TASK DESCRIPTION = Pictures must be left out. Retype exactly the lines from the one containing "Affordable Duct Cleaning" through the last line of the records below.
::: EXTRACTED MATERIAL
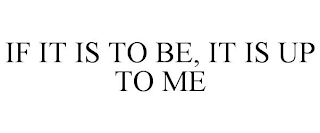 IF IT IS TO BE, IT IS UP TO ME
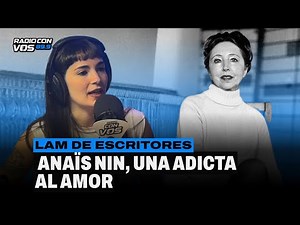 ANAÏS NIN: The STORY behind her EROTIC DIARIES | LAM by writers x Noe Dans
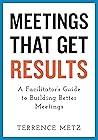Meetings That Get...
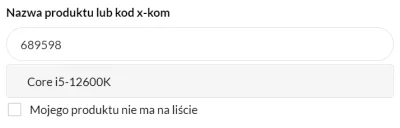 g.....n - > Z ciekawości otworzyłem nowy formularz, wpisałem nazwy i "kody x-kom" kil...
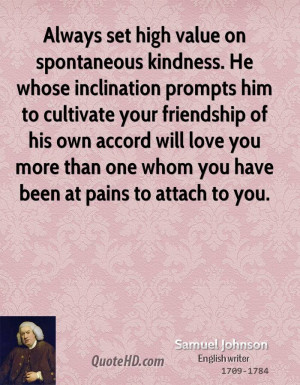 Always set high value on spontaneous kindness. He whose inclination ...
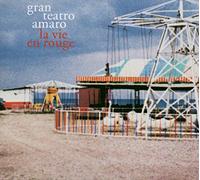 Gran Teatro Amaro - La Vie en Rouge [Import]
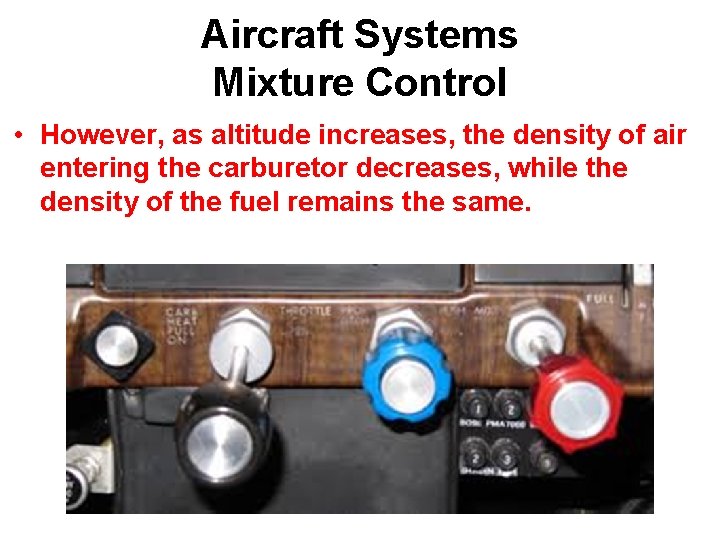 Aircraft Systems Mixture Control • However, as altitude increases, the density of air entering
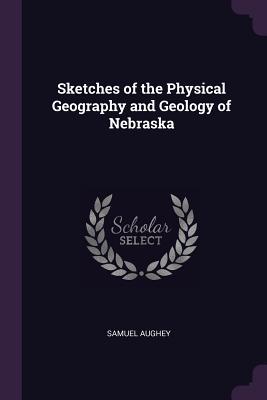 Read Online Sketches of the Physical Geography and Geology of Nebraska - Samuel Aughey file in PDF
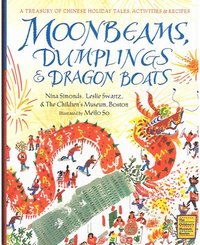 bokomslag Moonbeams, Dumplings & Dragon Boats
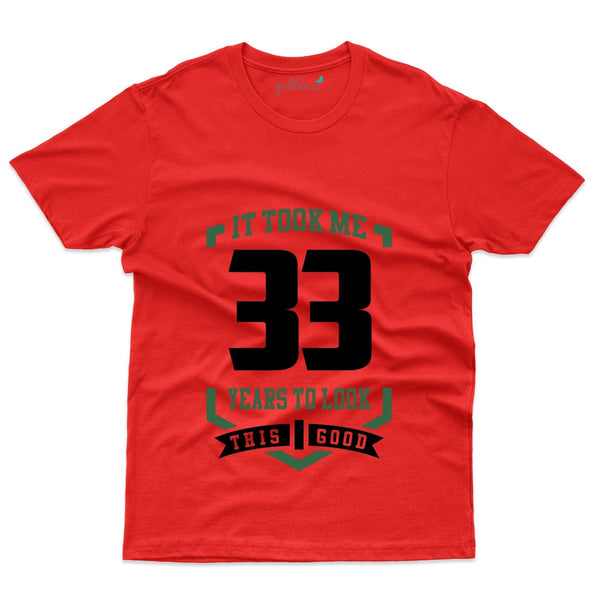 It Took Me 33 Years 6 T-Shirt - 33rd Birthday Collection - Gubbacci-India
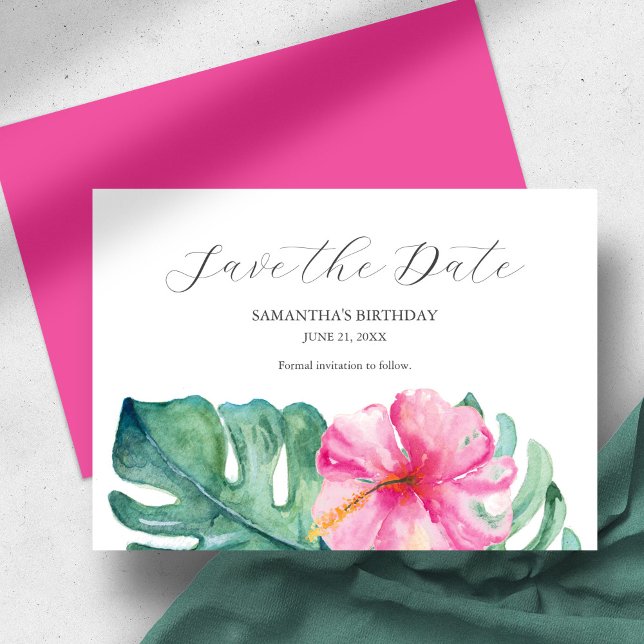 Tropical Birthday Speichern Sie die Datumskarten Save The Date (Birthday save the date pink hibiscus flower and monstera palm leaves watercolor )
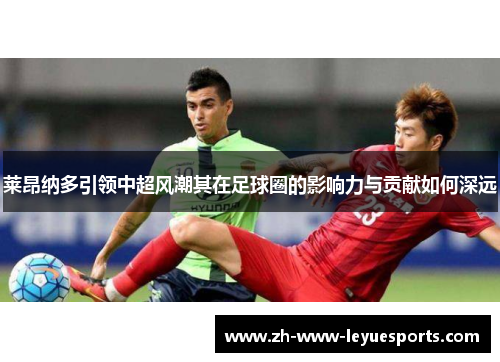 莱昂纳多引领中超风潮其在足球圈的影响力与贡献如何深远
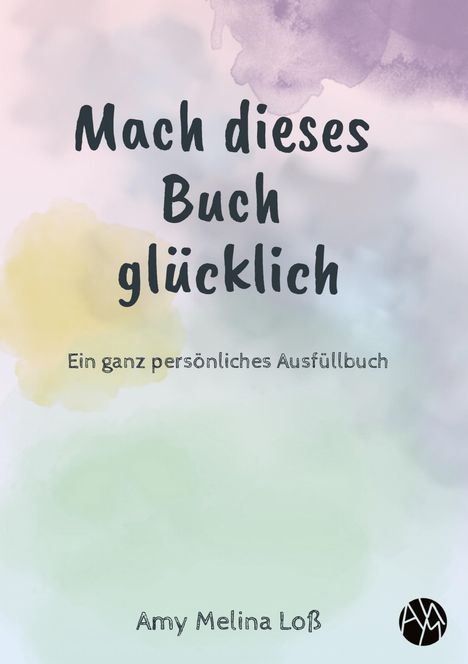 Amy Melina Loß: Mach dieses Buch glücklich, Buch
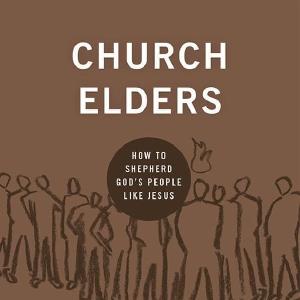 9Marks Church Elders: How to Shepherd God's People Like Jesus Clearance Online Amazon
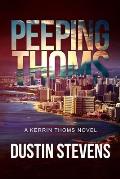 Peeping Thoms: A Kerrin Thoms Mystery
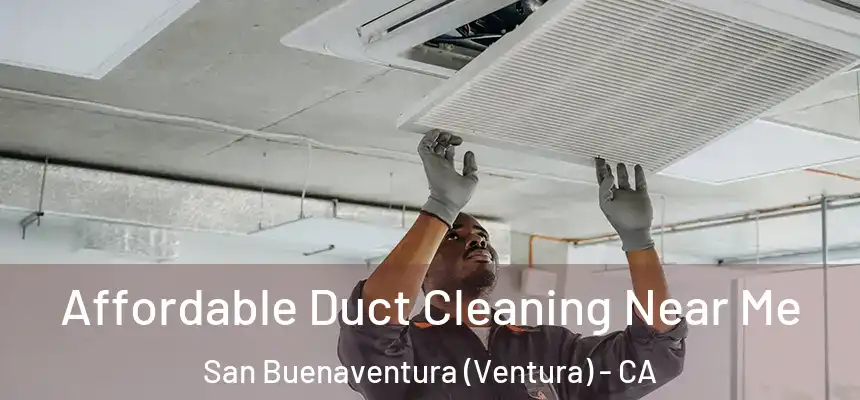  Affordable Duct Cleaning Near Me San Buenaventura (Ventura) - CA
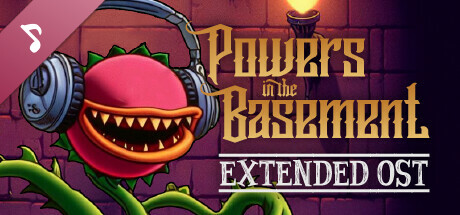 Powers in the Basement Extended Soundtrack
::::::
ANSWER SECTION =
  Affordable Duct Cleaning Near Me San Buenaventura (Ventura) - CA
 Powers in the Basement Extended Soundtrack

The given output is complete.